L’errore classico è trovare il verbo “avere” coniugato al presente senza la lettera “h”; frasi del tipo “O scaricato il programma ma mi a dato errore!” sono fin troppo frequenti. Nonostante la prima istanza, l’errore viene immediatamente riproposto sottolineando la totale inettitudine alla stesura anche di un semplice “pensierino della sera”, compito tipico delle scuole elementari dei miei tempi.

 

“Io il mio cellulare ha dato errore, quindi l’ho disinstallato”; la domanda nasce spontanea: come hai fatto a disinstallare il cellulare? Ti rendi conto di aver buttato parole in ordine sparso o ti serve un pallottoliere?

 

Poi, il web purtroppo ne è pieno, ci sono i “bimbi-minkia” per i quali sono stati creati appositi software che possano tradurne almeno gli SMS. Per il resto delle frasi purtroppo attualmente non esiste rimedio. Ve ne propongo solo alcune ma ritengo siano tra le migliori:

  1. qst prog ha qlc prob; è + meglio il prog xxxxx
  2. ass da avere, programma fighissimo! è la rete ke da probs, xché un mio amico va bene
  3. bello, con ql ke kosta!

 

Ma si può sapere dove eravate quando i vostri compagni erano a scuola? Non capisco veramente come non possiate rendervi conto della totale inutilità/assurdità di quel che scrivete; state buoni, state fermi, non siete obbligati a esprimere un’opinione soprattutto se lo fate così. Vi piace il programma? Bene, sono contento per voi! Non vi piace? Mi dispiace, ok… Ma non mi interessa saperlo se non siete in grado di mettere insieme soggetto, verbo e complemento oggetto!

 

Sono le basi di pressoché qualsiasi lingua parlata sulla faccia della Terra; TU FAI QUALCOSA, soggetto verbo e complemento oggetto; TU VAI DA QUALCHE PARTE, soggetto verbo e moto a luogo (magari a scuola, che dici?). Non mi sembra tanto difficile. Non pretendo che scriviate un poema in versi o un romanzo ma almeno che siate in grado di esprimervi senza che qualcuno si sputi il caffè sulla giacca sentendovi aprire bocca.
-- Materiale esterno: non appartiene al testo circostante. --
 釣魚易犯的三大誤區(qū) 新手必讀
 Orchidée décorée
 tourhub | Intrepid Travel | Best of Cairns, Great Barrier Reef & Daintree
Anche il silenzio non guasterebbe comunque…

 

Ai miei tempi ricordo che l’insegnante di italiano aveva un metodo di punizione che andrebbe imposto come modello: leggere un numero di articoli di giornale proporzionale all’errore e rielaborarli con parole proprie.

 

Voi che mi state leggendo e che starete pensando che esagero come sempre, sareste felici se una di queste persone fosse designata a inviare un messaggio nello spazio alla ricerca di intelligenza extra-terrestre? Vi sentireste rappresentati se venissero scelti come comitato di benvenuto per il giorno in cui gli alieni atterreranno sulla Terra (per colonizzarci ovviamente)?